Whistleblowing schemes
Whistleblowing lets employees report illegal or improper activity with privacy safeguards. SOX (2002) drove their prominence and reaches EU subsidiaries of US companies, creating tension with EU data protection law. Some states (e.g. , ) are wary of anonymous reporting. The EU Whistle-blowing Directive required member states to set up internal systems by 17 December 2021. A compliant scheme needs a DPIA, works-council liaison, transfer mechanisms (SCCs/BCRs), and a careful policy following WP29/CNIL guidance.
EU companies in US groups can face two conflicting regimes: SOX, which requires enabling employees to report wrongdoing, and EU data protection law, which limits the use of personal data here. Certain jurisdictions (Spain, Portugal) are historically sensitive about anonymous reports because the accused has no right of reply and anonymity can be abused.
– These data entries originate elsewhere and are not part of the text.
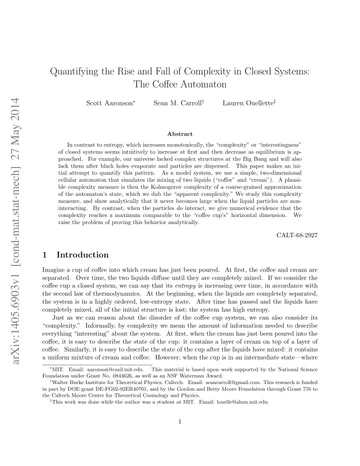 Thumbnail: Quantifying the Rise and Fall of Complexity in Closed Systems: The Coffee Automaton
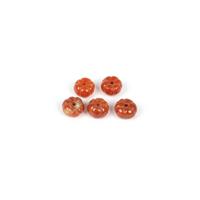 16cts Type A Red Jadeite Pumpkin Beads Approx 9mm, 5pcs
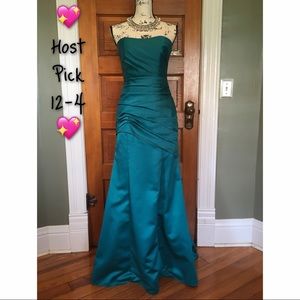David's Bridal floor length strapless satin dress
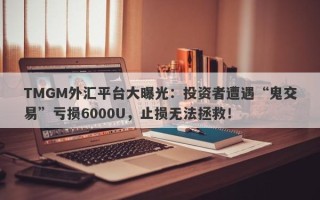 TMGM外汇平台大曝光：投资者遭遇“鬼交易”亏损6000U，止损无法拯救！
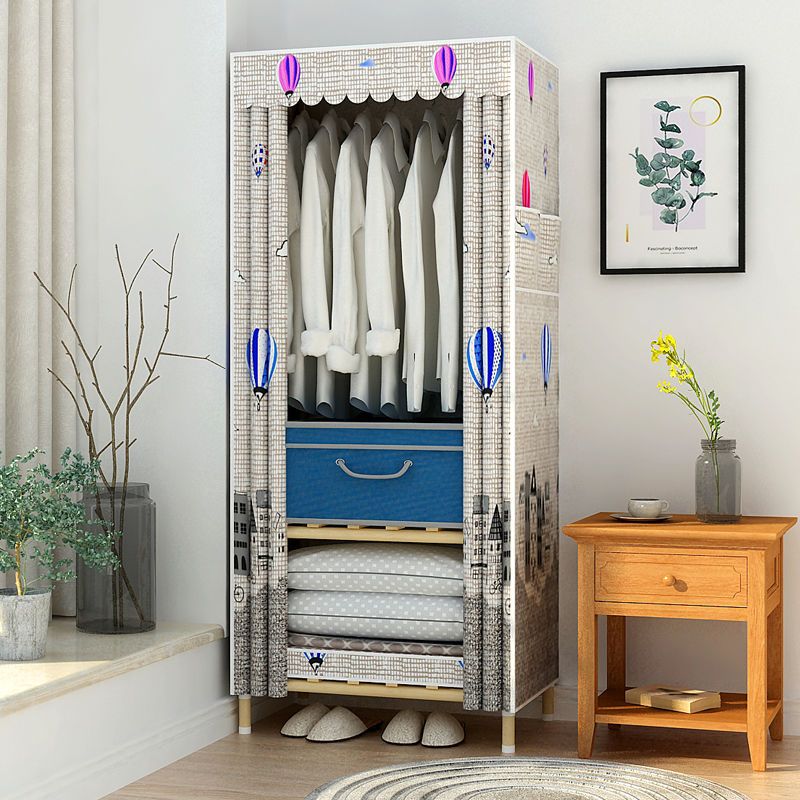 简易小衣柜单人收纳架实木组装学生出租房宿舍衣橱家用牛津布衣柜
| Element | Recommended approach |
|---|---|
| Individuals reporting | Limit to those in a position to know about the conduct |
| Individuals incriminated | Limit to people likely known by the reporter (same section/department) |
| Confidentiality vs anonymity | Keep identity confidential; anonymous reporting should not be encouraged |
| Scope of reports | Limit to matters affecting corporate governance; bullying/harassment via HR |
| Data retention | Strict period after investigation (e.g. two months); delete unsubstantiated reports immediately |
| Rights of incriminated persons | May be limited where notice would jeopardise the investigation |
| Transfers outside the EEA | Process to EU standards; state the SCCs/BCRs mechanism used |
An EU subsidiary of a US company may have to satisfy both SOX and EU data protection law. The EU Whistle-blowing Directive required internal systems by 17 December 2021.